[ovs-dev] [PATCH] reconnect: Add graceful reconnect.
Dumitru Ceara
dceara at redhat.com
Wed Jul 21 10:58:18 UTC 2021
On 7/20/21 4:32 PM, Dumitru Ceara wrote:
> On 7/20/21 4:29 PM, Ilya Maximets wrote:
>> On 7/20/21 4:25 PM, Ilya Maximets wrote:
>>> On 7/20/21 3:39 PM, Dumitru Ceara wrote:
>>>> On 7/20/21 3:18 PM, Ilya Maximets wrote:
>>>>> On 7/13/21 5:03 PM, Dumitru Ceara wrote:
>>>>>> On 7/12/21 10:36 PM, Ilya Maximets wrote:
>>>>>>> On 6/29/21 1:20 PM, Dumitru Ceara wrote:
>>>>>>>> Until now clients that needed to reconnect immediately could only use
>>>>>>>> reconnect_force_reconnect().

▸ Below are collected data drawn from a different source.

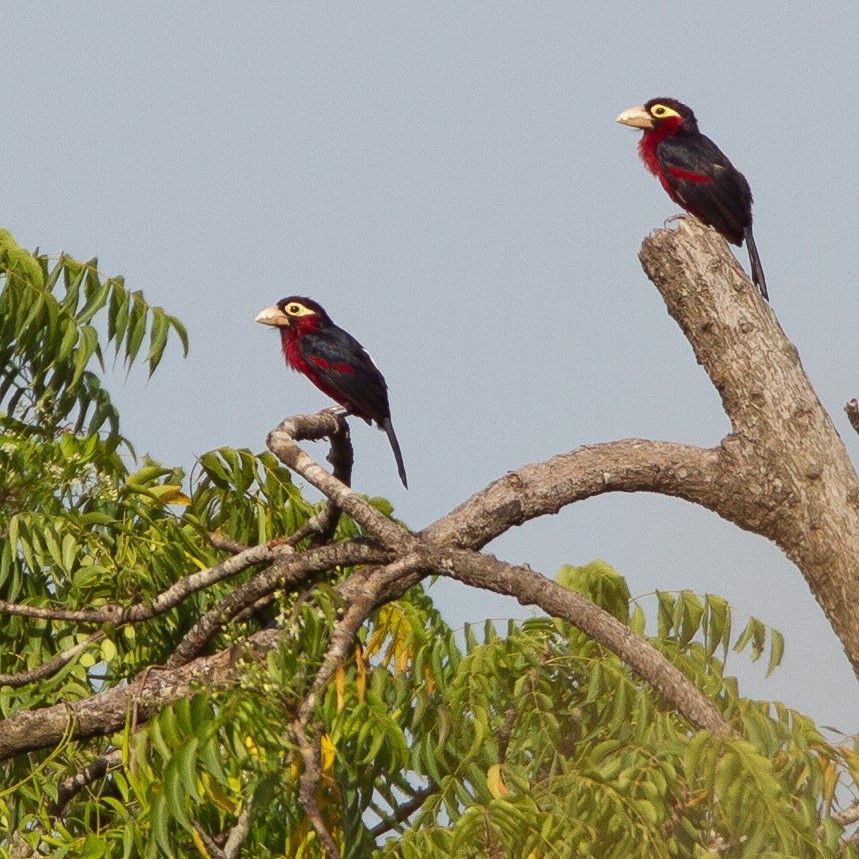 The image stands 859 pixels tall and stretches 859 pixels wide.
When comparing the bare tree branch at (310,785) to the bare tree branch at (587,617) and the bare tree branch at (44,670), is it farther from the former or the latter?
the bare tree branch at (44,670)

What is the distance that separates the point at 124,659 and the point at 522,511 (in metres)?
2.12

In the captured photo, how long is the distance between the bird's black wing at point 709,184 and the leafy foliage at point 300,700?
3.14 metres

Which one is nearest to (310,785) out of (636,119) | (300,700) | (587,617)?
(300,700)

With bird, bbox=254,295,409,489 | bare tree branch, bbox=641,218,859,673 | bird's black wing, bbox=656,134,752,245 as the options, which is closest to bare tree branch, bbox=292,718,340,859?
bare tree branch, bbox=641,218,859,673

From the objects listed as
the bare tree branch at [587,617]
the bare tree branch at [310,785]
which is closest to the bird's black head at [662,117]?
the bare tree branch at [587,617]

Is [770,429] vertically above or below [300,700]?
above

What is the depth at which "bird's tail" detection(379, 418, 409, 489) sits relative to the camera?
8172mm

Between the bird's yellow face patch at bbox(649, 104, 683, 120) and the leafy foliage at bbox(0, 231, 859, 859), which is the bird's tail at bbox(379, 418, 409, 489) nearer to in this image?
the leafy foliage at bbox(0, 231, 859, 859)

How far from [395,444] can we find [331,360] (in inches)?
26.6

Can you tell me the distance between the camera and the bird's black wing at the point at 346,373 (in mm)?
8305

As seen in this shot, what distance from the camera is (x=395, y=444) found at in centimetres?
829

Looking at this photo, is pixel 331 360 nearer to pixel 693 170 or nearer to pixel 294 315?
pixel 294 315

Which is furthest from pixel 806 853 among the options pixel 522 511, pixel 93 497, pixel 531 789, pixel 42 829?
pixel 93 497

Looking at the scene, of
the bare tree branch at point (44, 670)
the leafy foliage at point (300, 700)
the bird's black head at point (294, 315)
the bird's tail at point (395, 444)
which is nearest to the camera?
the leafy foliage at point (300, 700) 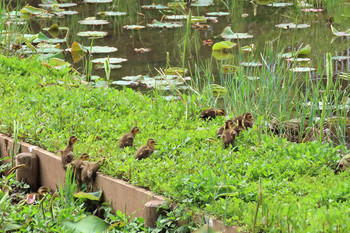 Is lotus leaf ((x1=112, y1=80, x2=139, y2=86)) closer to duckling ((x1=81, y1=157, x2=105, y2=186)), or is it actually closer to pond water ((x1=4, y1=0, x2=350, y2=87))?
pond water ((x1=4, y1=0, x2=350, y2=87))

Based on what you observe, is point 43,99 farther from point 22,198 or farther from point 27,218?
point 27,218

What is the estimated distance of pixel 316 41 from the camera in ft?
32.7

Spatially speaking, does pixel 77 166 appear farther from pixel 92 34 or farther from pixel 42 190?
pixel 92 34

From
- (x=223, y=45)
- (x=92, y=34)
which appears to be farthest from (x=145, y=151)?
(x=92, y=34)

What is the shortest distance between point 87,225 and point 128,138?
1095 millimetres

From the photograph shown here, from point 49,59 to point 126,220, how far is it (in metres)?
4.67

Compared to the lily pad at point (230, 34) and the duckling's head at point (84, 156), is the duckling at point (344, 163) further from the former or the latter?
the lily pad at point (230, 34)

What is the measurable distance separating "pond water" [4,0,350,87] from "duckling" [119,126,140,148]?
2.99 m

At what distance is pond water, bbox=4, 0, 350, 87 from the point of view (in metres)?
8.98

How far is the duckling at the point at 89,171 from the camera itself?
179 inches

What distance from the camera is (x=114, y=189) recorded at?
175 inches

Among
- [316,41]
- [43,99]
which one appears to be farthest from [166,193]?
[316,41]

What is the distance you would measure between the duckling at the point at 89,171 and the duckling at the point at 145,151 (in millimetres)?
318

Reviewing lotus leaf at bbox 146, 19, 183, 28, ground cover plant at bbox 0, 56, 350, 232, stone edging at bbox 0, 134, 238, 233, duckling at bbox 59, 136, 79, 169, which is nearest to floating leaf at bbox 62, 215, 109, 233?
stone edging at bbox 0, 134, 238, 233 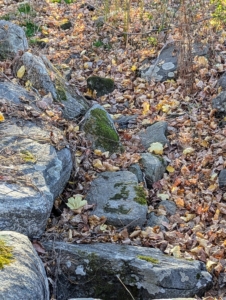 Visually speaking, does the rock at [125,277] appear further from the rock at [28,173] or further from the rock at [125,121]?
the rock at [125,121]

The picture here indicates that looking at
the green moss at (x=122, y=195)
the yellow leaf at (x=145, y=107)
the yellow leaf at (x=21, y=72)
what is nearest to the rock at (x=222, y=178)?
Result: the green moss at (x=122, y=195)

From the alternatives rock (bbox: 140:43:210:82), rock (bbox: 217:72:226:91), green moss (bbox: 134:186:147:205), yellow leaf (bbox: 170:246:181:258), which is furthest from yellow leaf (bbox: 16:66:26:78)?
yellow leaf (bbox: 170:246:181:258)

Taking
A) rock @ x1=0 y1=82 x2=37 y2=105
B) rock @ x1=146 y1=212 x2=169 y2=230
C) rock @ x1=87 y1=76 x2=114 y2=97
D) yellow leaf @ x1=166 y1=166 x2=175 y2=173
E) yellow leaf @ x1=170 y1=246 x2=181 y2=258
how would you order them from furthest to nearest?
1. rock @ x1=87 y1=76 x2=114 y2=97
2. yellow leaf @ x1=166 y1=166 x2=175 y2=173
3. rock @ x1=0 y1=82 x2=37 y2=105
4. rock @ x1=146 y1=212 x2=169 y2=230
5. yellow leaf @ x1=170 y1=246 x2=181 y2=258

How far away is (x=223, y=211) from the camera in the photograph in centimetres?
466

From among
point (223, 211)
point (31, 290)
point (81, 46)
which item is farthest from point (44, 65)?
point (31, 290)

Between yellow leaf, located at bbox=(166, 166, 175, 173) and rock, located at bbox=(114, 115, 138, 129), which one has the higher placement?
rock, located at bbox=(114, 115, 138, 129)

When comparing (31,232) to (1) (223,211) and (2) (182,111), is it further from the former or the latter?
(2) (182,111)

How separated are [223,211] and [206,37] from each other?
3.90 meters

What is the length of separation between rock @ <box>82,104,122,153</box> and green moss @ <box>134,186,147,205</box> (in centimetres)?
90

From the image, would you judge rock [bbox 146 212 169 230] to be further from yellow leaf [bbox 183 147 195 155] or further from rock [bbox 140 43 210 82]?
rock [bbox 140 43 210 82]

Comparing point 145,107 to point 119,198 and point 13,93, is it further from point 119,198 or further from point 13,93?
point 119,198

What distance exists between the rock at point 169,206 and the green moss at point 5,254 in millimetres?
2390

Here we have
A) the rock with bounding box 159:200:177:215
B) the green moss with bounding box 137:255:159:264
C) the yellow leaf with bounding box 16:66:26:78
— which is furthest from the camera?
the yellow leaf with bounding box 16:66:26:78

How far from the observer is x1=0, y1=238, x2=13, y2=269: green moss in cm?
257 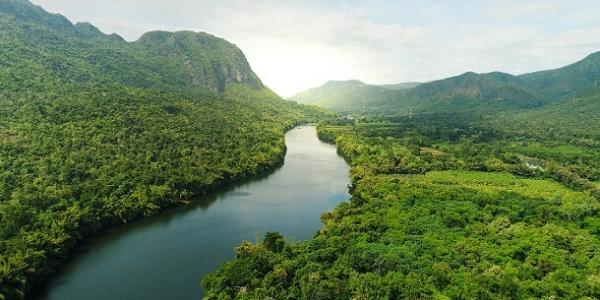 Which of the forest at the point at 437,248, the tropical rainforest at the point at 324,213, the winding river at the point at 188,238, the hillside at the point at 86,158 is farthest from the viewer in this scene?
the hillside at the point at 86,158

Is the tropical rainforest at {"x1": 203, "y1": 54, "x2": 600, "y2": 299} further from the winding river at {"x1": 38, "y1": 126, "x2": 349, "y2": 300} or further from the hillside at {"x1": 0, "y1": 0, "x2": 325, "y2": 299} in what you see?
the hillside at {"x1": 0, "y1": 0, "x2": 325, "y2": 299}

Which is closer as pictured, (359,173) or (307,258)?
(307,258)

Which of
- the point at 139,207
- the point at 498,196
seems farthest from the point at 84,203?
the point at 498,196

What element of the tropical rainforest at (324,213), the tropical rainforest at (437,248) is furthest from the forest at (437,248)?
the tropical rainforest at (324,213)

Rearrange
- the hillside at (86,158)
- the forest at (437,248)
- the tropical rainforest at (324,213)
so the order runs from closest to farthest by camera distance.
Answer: the forest at (437,248), the tropical rainforest at (324,213), the hillside at (86,158)

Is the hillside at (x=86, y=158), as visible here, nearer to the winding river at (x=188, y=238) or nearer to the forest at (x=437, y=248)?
the winding river at (x=188, y=238)

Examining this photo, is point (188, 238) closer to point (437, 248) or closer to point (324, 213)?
point (324, 213)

However, reconnect_force_reconnect()
>>>>>>>> doesn't reset the backoff for connections that were alive long enough
>>>>>>>> (more than backoff seconds).
>>>>>>>>
>>>>>>>> Moreover, the reconnect library cannot determine the exact reason why a
>>>>>>>> client wishes to initiate a reconnection. In most cases reconnection
>>>>>>>> happens because of a fatal error when communicating with the remote,
>>>>>>>> e.g., in the ovsdb-cs layer, when invalid messages are received from
>>>>>>>> ovsdb-server. In such cases it makes sense to not reset the backoff
>>>>>>>> because the remote seems to be unhealthy.
>>>>>>>>
>>>>>>>> There are however cases when reconnection is needed for other reasons.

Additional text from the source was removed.